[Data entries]
┌────────

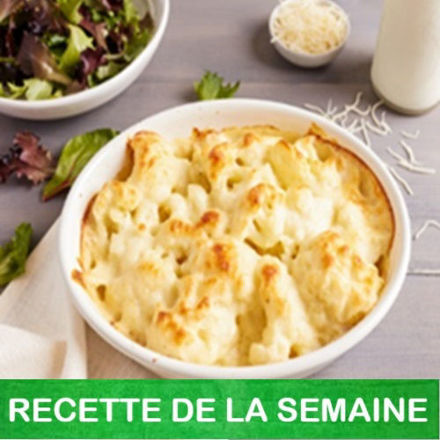 Image de Gratin de chou-fleur du jardin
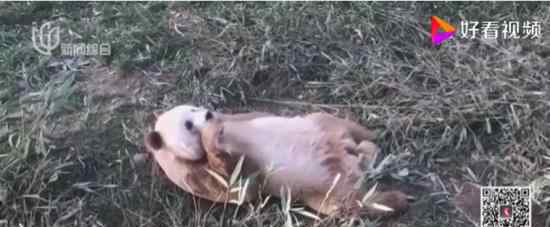 棕色大熊猫被认养 棕色大熊猫长啥样?被谁认养了?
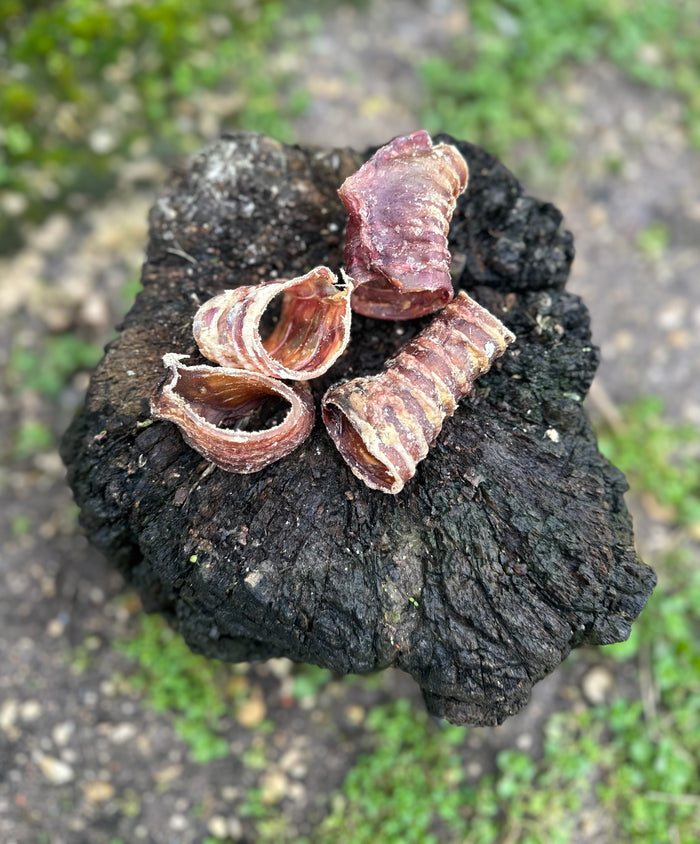 Anneau de trachée de boeuf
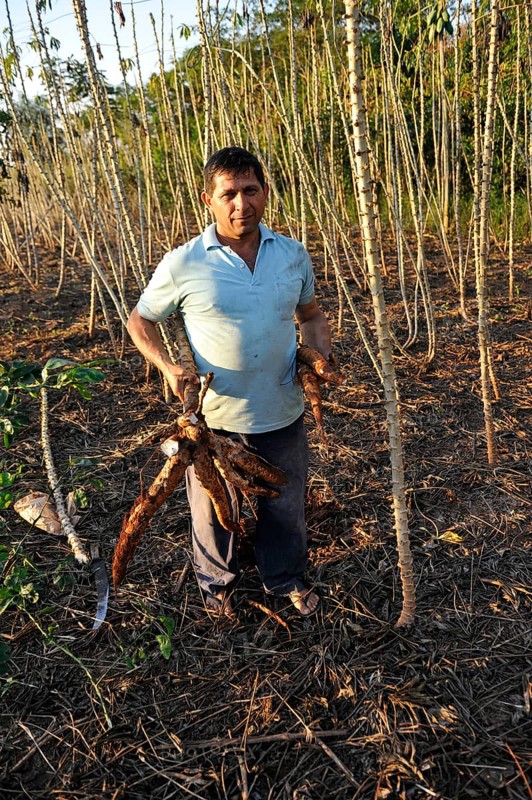 Farmer harvesting cassava or manioc roots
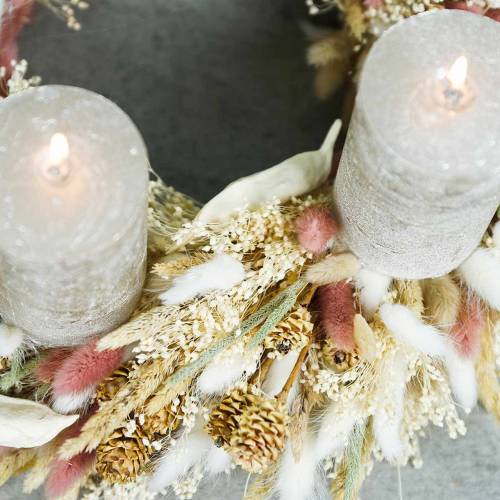 Floristik24 Fleuristerie sèche herbe de queue de lapin Lagurus brun rougeâtre 100g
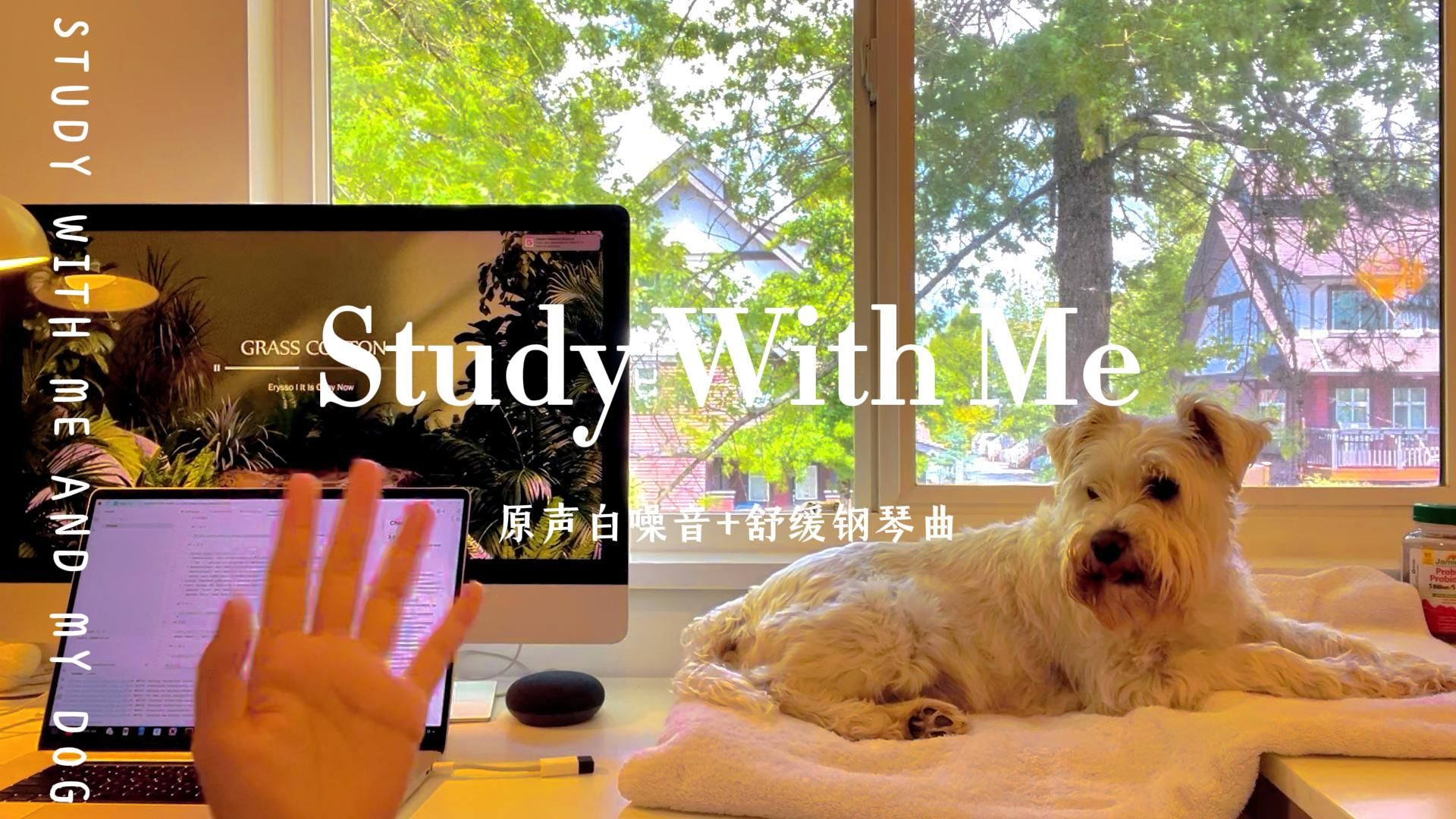 Study With Me·2小时护眼版🐾狗狗伴学来啦🌱🌿🌿 | 原声白噪音·纯钢琴清爽歌单BGM
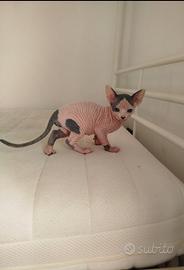 Sphynx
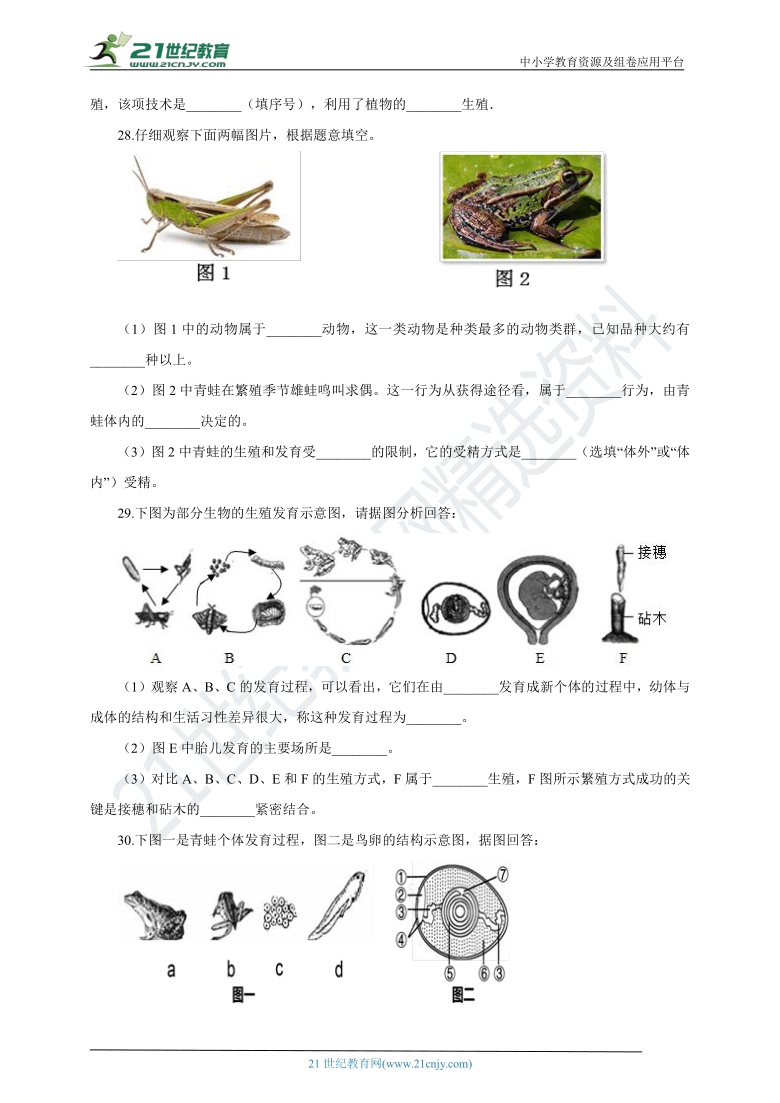 人教版2021初中生物八下 期中模拟测试卷二（含解析）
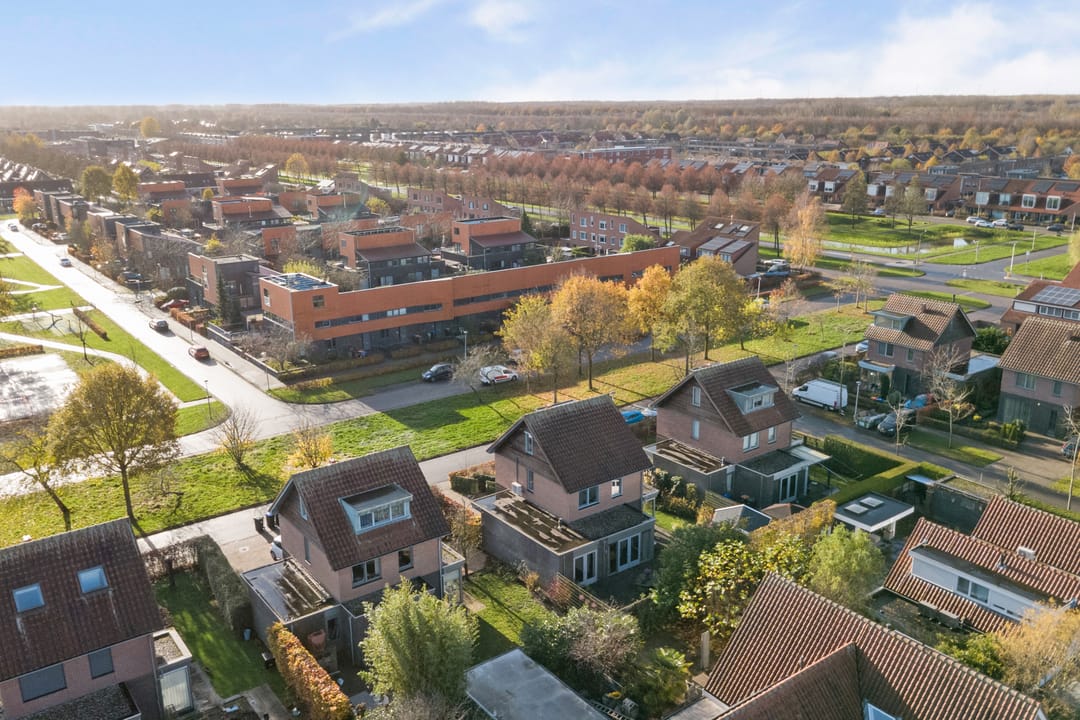 Photo 62 of Duizendknoop 3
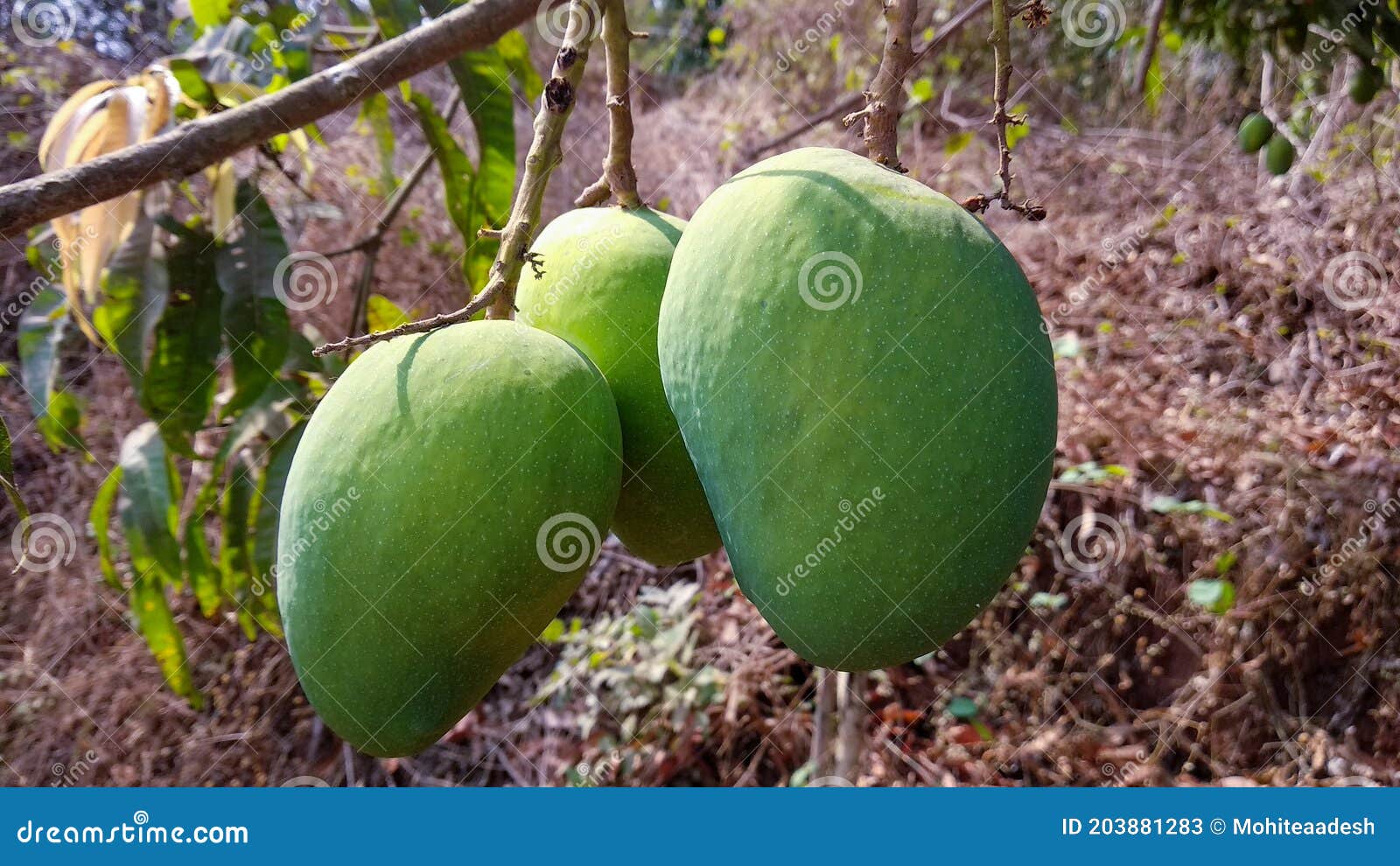 green mango fruits hanging on tree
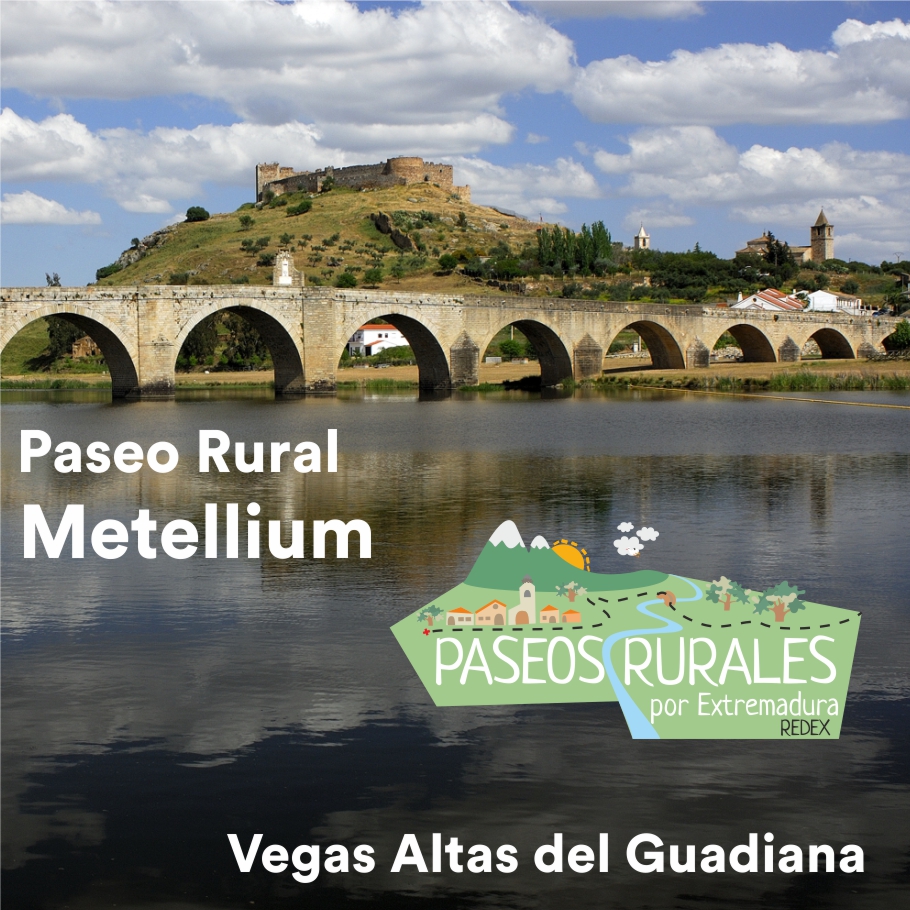 Metellinun – Vegas Altas del Guadiana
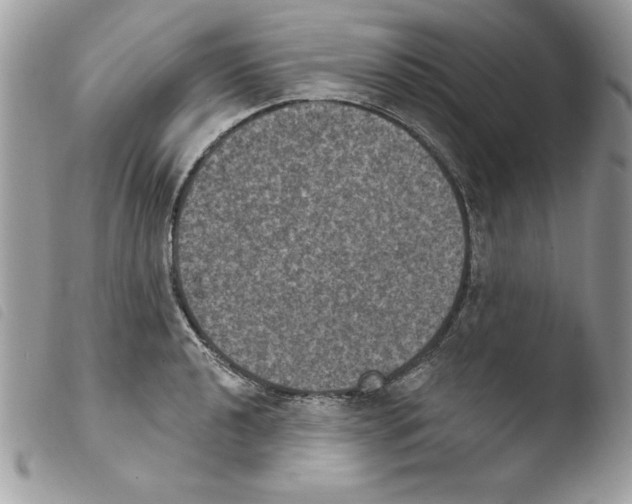 X0000103951040200810171833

└────────

■ **What is expected**: Output all the entries exactly, minus any pictures.

■ **Written answer**:
 Image de Gratin de chou-fleur du jardin
 棕色大熊猫被认养 棕色大熊猫长啥样?被谁认养了?
 Anneau de trachée de boeuf
 Farmer harvesting cassava or manioc roots
 Floristik24 Fleuristerie sèche herbe de queue de lapin Lagurus brun rougeâtre 100g
 Study With Me·2小时护眼版🐾狗狗伴学来啦🌱🌿🌿 | 原声白噪音·纯钢琴清爽歌单BGM
 Sphynx
 人教版2021初中生物八下 期中模拟测试卷二（含解析）
 Photo 62 of Duizendknoop 3
 green mango fruits hanging on tree
 Metellinun – Vegas Altas del Guadiana
 X0000103951040200810171833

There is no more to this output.